International Rice Genebank
The International Rice Genebank, maintained by IRRI, holds more than 124,000 rice accessions that include modern and traditional varieties and wild relatives of rice. It is the biggest collection of rice genetic diversity in the world. Countries from all over the world have sent their rice samples to IRRI for safe keeping as well as for sharing.
Traditional varieties and wild species of rice are increasingly dying out through genetic erosion. Farmers adopt new varieties and cease growing the kinds that they have nurtured for generations, resulting in the eventual loss of the traditional varieties.
Wild species are threatened with extinction as their habitats are destroyed by human activity. Future rice improvement needs the genetic variation from traditional varieties and related wild species in order for the crop to withstand stresses—either biotic (caused by living organisms such as bacteria, fungi, and parasites) or abiotic (caused by the elements, such as drought and flooding)—that challenge rice production around the world.
IRRI—in partnership with national programs and regional and international organizations worldwide and the International Rice Genebank—works to ensure the long-term preservation of rice biodiversity as part of a global strategy to conserve rice genetic resources.
The rice species
The different species of rice conserved at the International Rice Genebank include:
- Oryza sativa or Asian rice, which is the most commonly grown and consumed type. It probably had its origin between the Himalayas and Indochina and is made up of two major groups: indica and japonica.
- Oryza glaberrima or African rice, which originated in West Africa. It is not widely cultivated but has been used to breed other types of rice grown in Africa.
- Twenty-three wild species of rice that are found in Asia, Africa, Australia, and the Americas.
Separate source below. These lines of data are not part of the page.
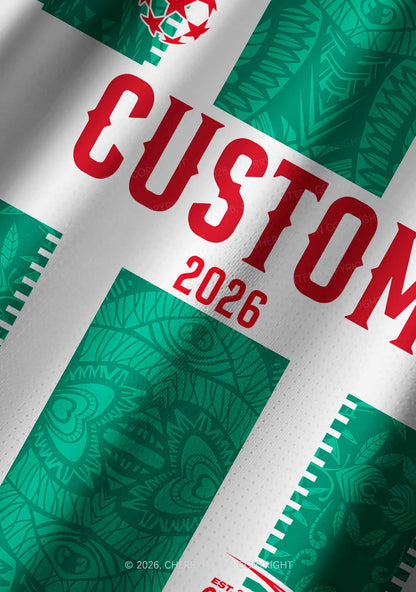 Custom Green Mexican Flag Y2K Football Jersey Shirts Cherrykitten
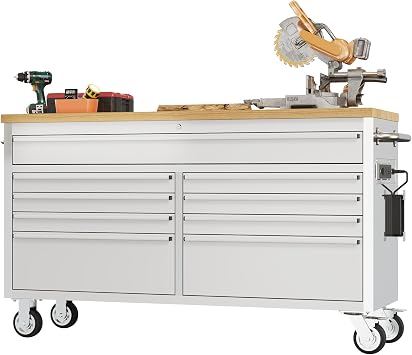 61 Inch Heavy Duty Rolling Tool Chest & Workbench - 15 Drawers, Sturdy Rubber Wood Top, Lockable Wheels, Power Outlets, USB Ports, Drawer Liners - Garage, Workshop, Warehouse Storage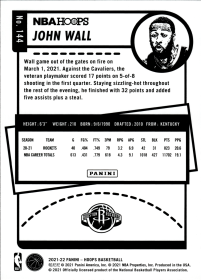 John Wall - Panini Hoops Base Set 2021-22, Nr. 144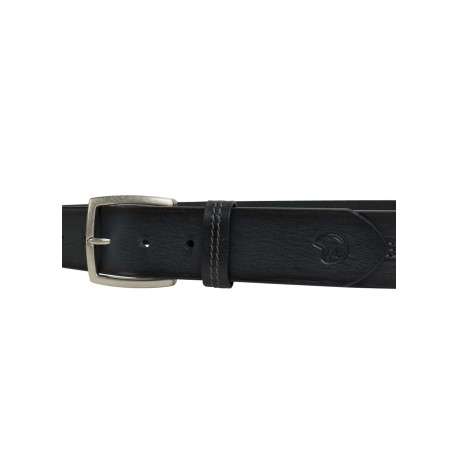 Ceinture en cuir de vache noire unie avec des surpiqûres apparentes - Image 3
Only a few are closely related to Oryza sativa and Oryza glaberrima.
Storing rice seed
Each type of rice at the International Rice Genebank is stored in both the base (-20 °C, long-term storage) and active ( 2–4 °C, for distribution) collections. We continually assess our procedures to ensure that we are doing our best to conserve this vital genetic resource for future generations.
Sharing rice seed
Following extensive negotiation among all contributing countries, IRRI now manages the rice collection stored in the International Rice Genebank under the International Treaty on Plant Genetic Resources for Food and Agriculture. We supply free samples of various types of rice seed to any prospective user upon request, according to the conditions of the Treaty.
With access to the world’s largest collection of rice, we have a unique opportunity to study the diversity of rice. IRRI characterizes rice for its traits and genetic makeup to find useful gene versions.
We work with the International Network for the Genetic Evaluation of Rice (INGER), a global model for the exchange, evaluation, release, and use of genetic resources. The data on all rice types conserved at IRRI are managed and maintained by an information system known as the International Rice Genebank Collection Information System (IRGCIS).